THE INTERNATIONALLY BESTSELLING SENSATION.

In these page-turning thrillers, a crusading journalist and a cyberpunk hacker team up to drag Sweden’s darkest secrets into the light: family scandals, political corruption, sex crimes, and murder. Experience Stieg Larsson’s Millennium Series, which introduced the world to one of the most original, unforgettable characters in crime fiction: Lisbeth Salander, the girl with the dragon tattoo and a quest for revenge.

Stieg Larsson, who lived in Sweden, was the editor in chief of the magazine Expo and a leading expert on antidemocratic, right-wing extremist, and Nazi organizations. He died in 2004, shortly after delivering the manuscripts for The Girl with the Dragon Tattoo, The Girl Who Played with Fire, and The Girl Who Kicked the Hornet’s Nest.

David Lagercrantz was born in 1962 and is an acclaimed author and journalist.
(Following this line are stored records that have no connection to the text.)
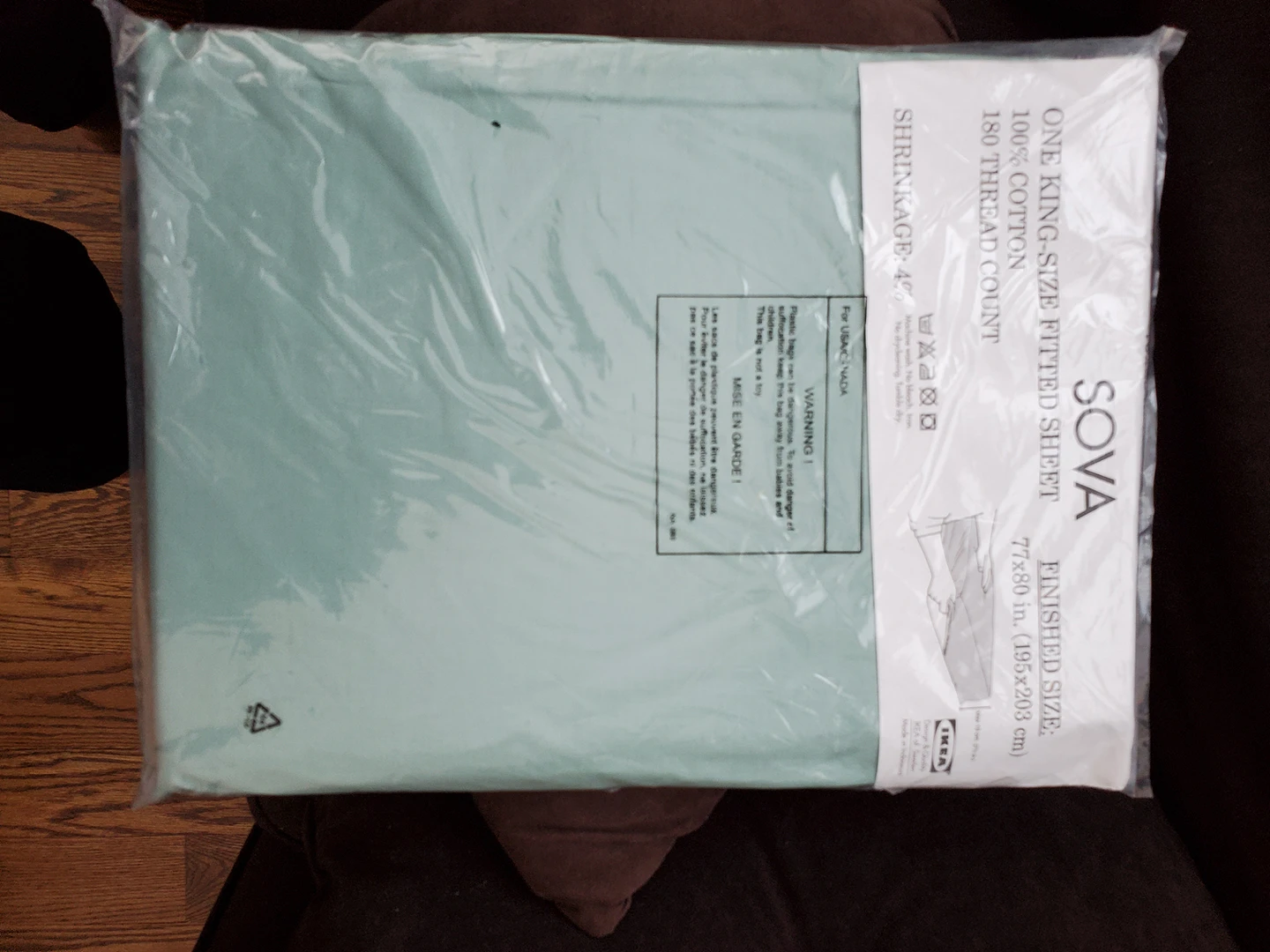 King size bed sheets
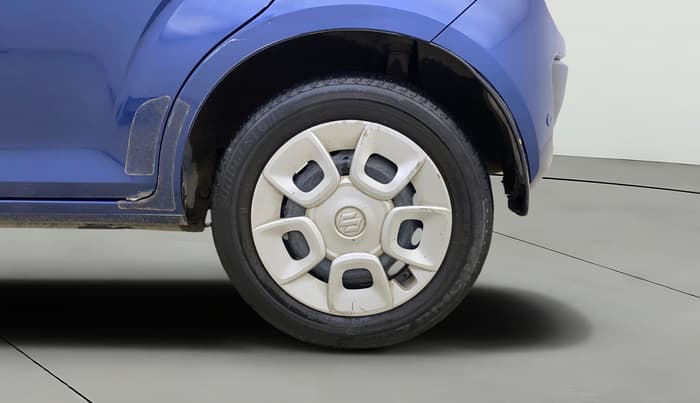 2019 Maruti IGNIS DELTA 1.2 AMT, Petrol, Automatic, 57,260 km, Left Rear Wheel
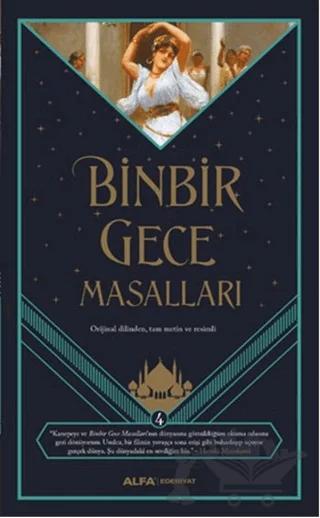Binbir Gece Masalları - 4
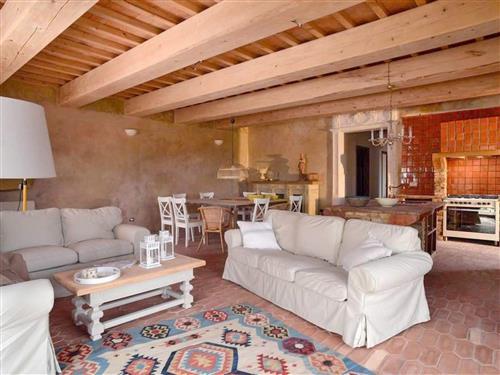 Ferienwohnung - 8 Personen -  - Volterra - 56048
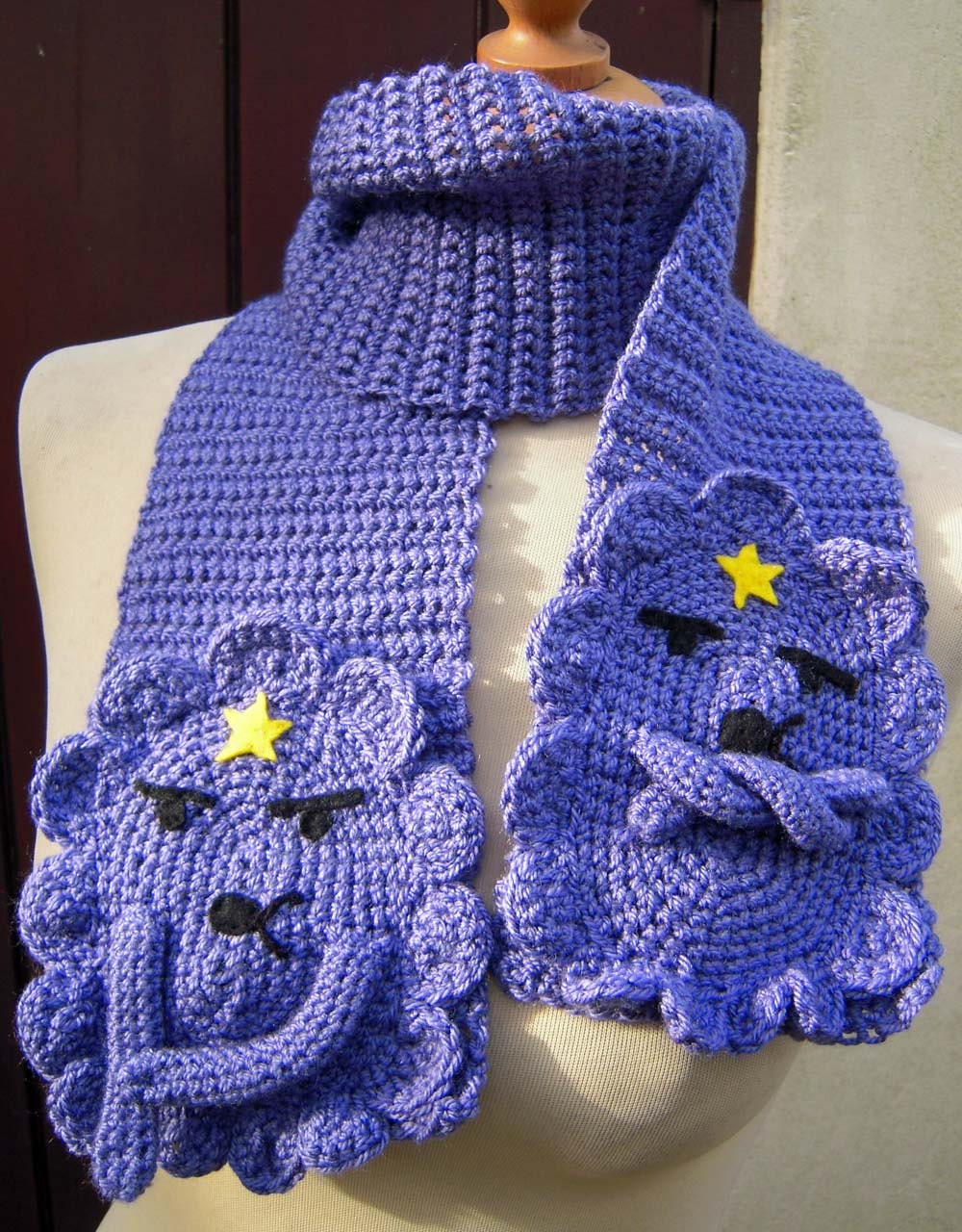 Adventure Time Scarf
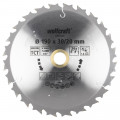 wolfcraft Akku-Kreissägeblatt HM Ø190x30/20 - 6347000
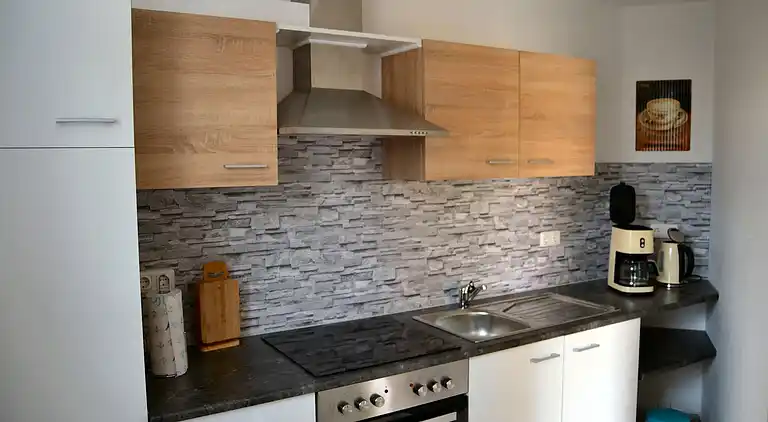 Ferielejlighed i Poritz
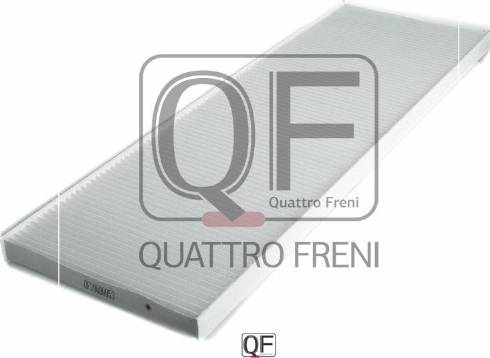 Quattro Freni QF20Q00053 - Filtrs, Salona telpas gaiss autodraugiem.lv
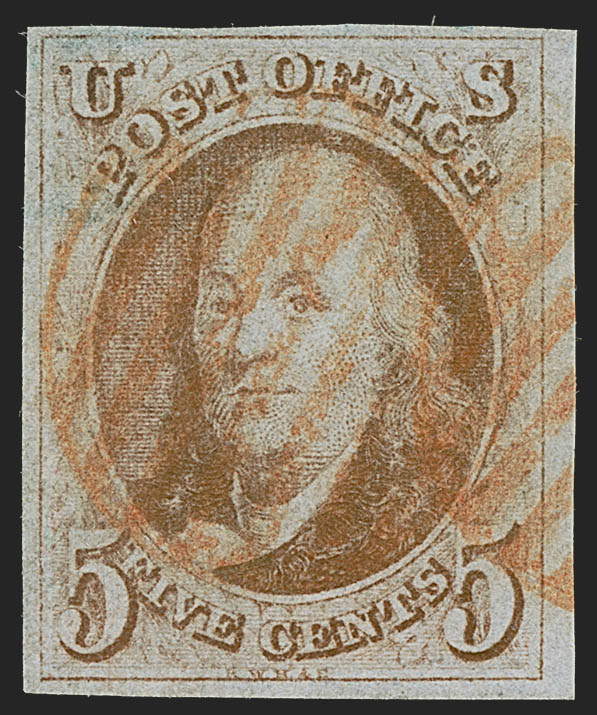 Sale no. 1255 — Lot no. 72 — Siegel Auction Galleries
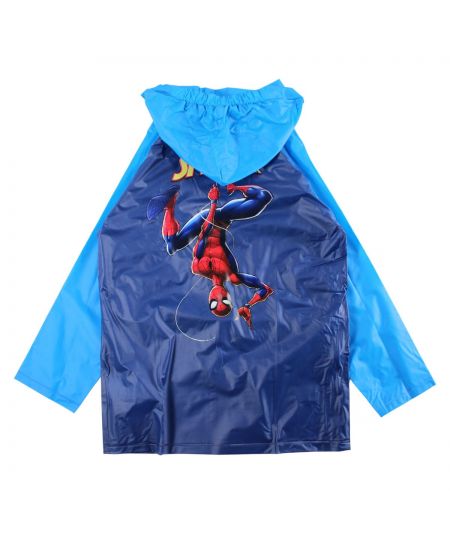 🕷️🌧️ Imperméable de pluie Marvel Spider‑Man
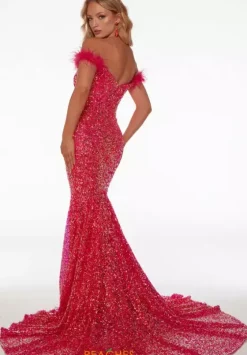 Long Dresses|Plus Sized Dresses^Alyce Paris 61502 Barbie Opal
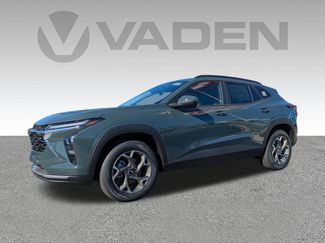 New 2026 Chevrolet Trax LT w/ Driver Confidence Package video 2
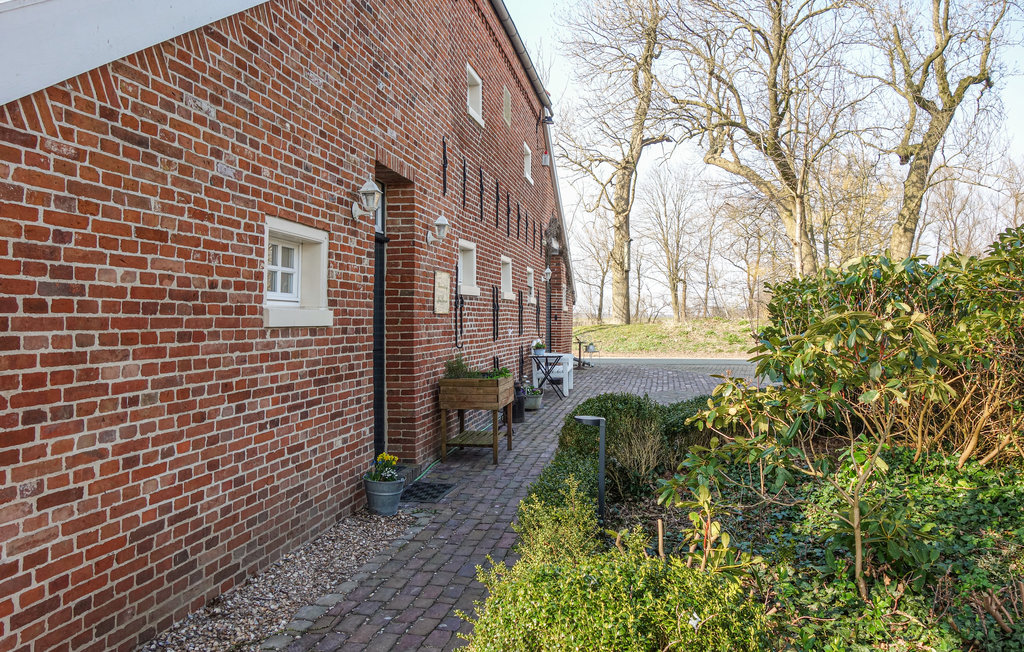 Semesterlägenhet - Detern - Ostfriesland , Tyskland - DNS226 2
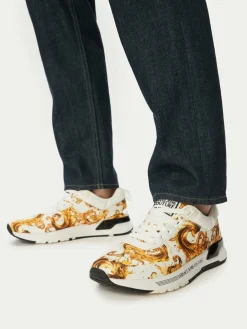 Sneakers 80YA3SA1 Bianco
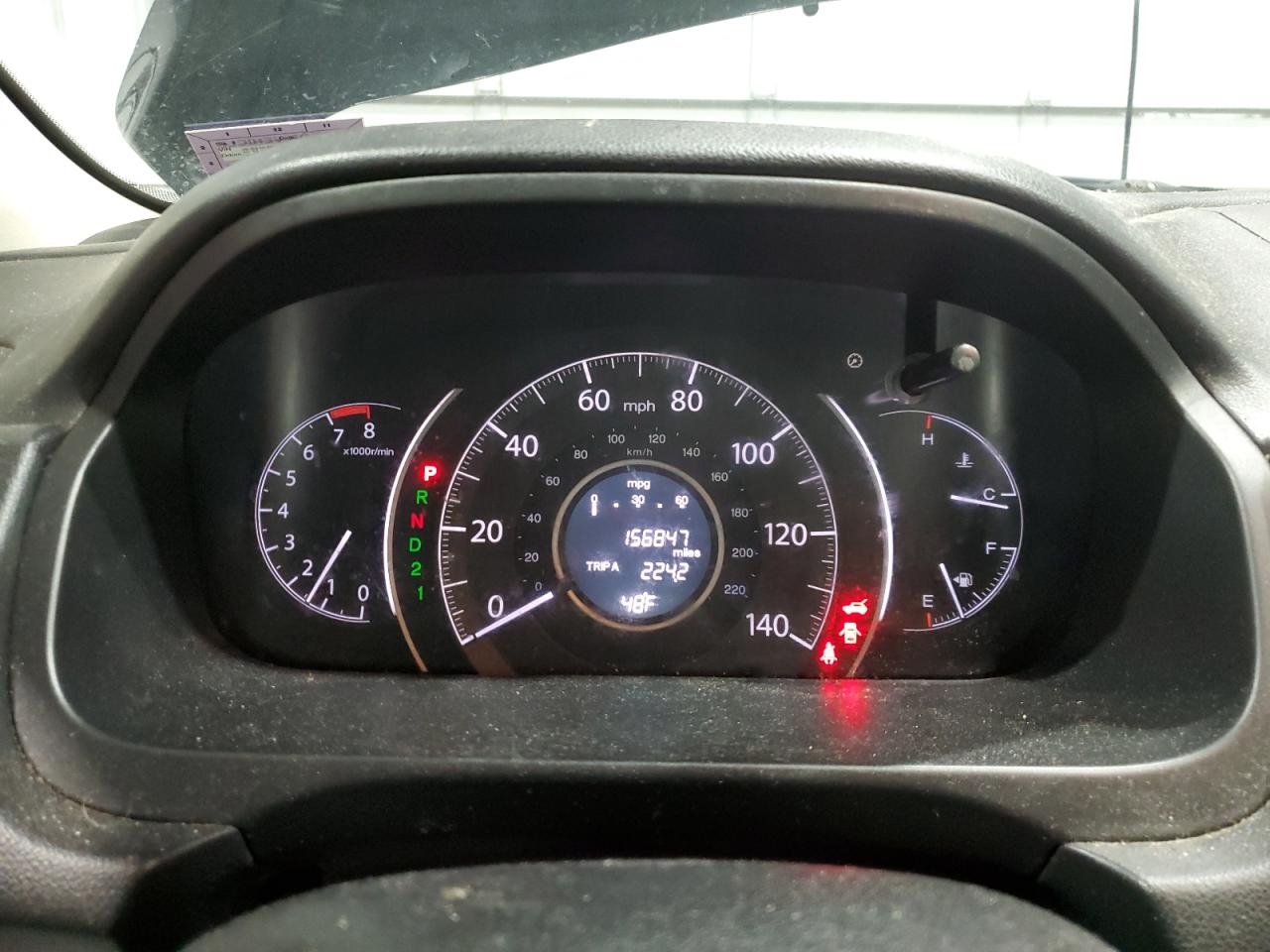 2014 Honda CR-V - Image 9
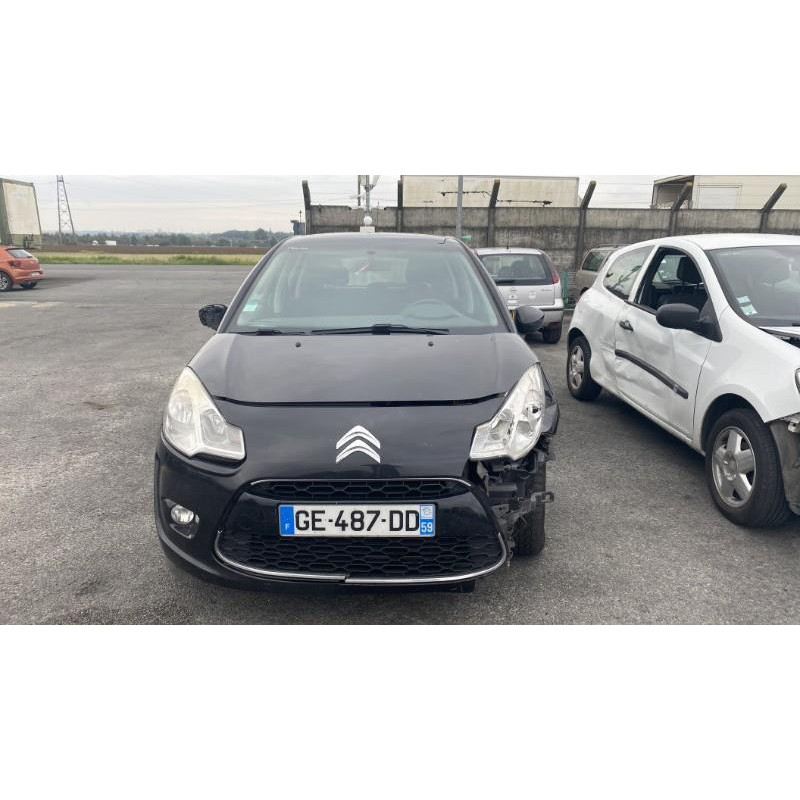 Compteur CITROEN C3 2 Photo n°8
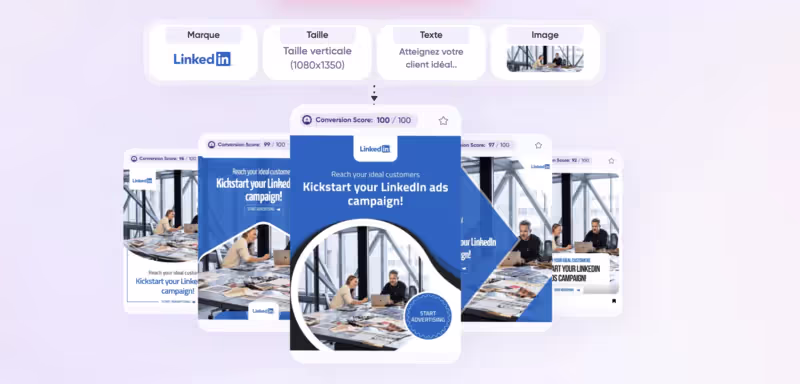 linkedin ads adcreative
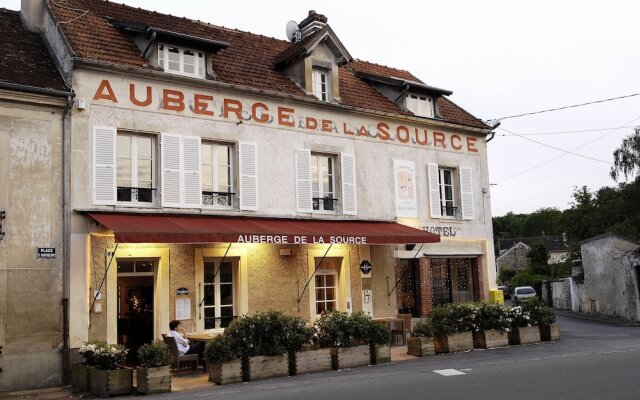 Relais du Silence Auberge de la Source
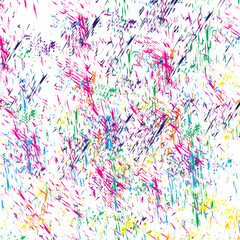 Colorful Abstract Grunge Background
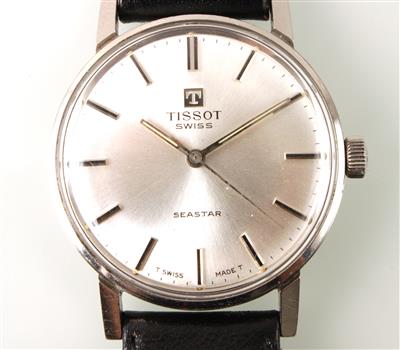 Tissot Seastar - Klenoty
He has written numerous biographies (including the internationally best-selling I Am Zlatan Ibrahimović, for which he was the ghost-writer) and four novels, including Fall of Man in Wilmslow and the #1 best-selling The Girl in the Spider's Web. He was hand-selected by the Larsson estate to write sequels based on Stieg Larsson's characters.

The Girl With The Dragon Tattoo (Book 1)

An international publishing sensation, Stieg Larsson’s The Girl with the Dragon Tattoo combines murder mystery, family saga, love story, and financial intrigue into one satisfyingly complex and entertainingly atmospheric novel.

Harriet Vanger, a scion of one of Sweden’s wealthiest families disappeared over forty years ago. All these years later, her aged uncle continues to seek the truth. He hires Mikael Blomkvist, a crusading journalist recently trapped by a libel conviction, to investigate. He is aided by the pierced and tattooed punk prodigy Lisbeth Salander. Together they tap into a vein of unfathomable iniquity and astonishing corruption.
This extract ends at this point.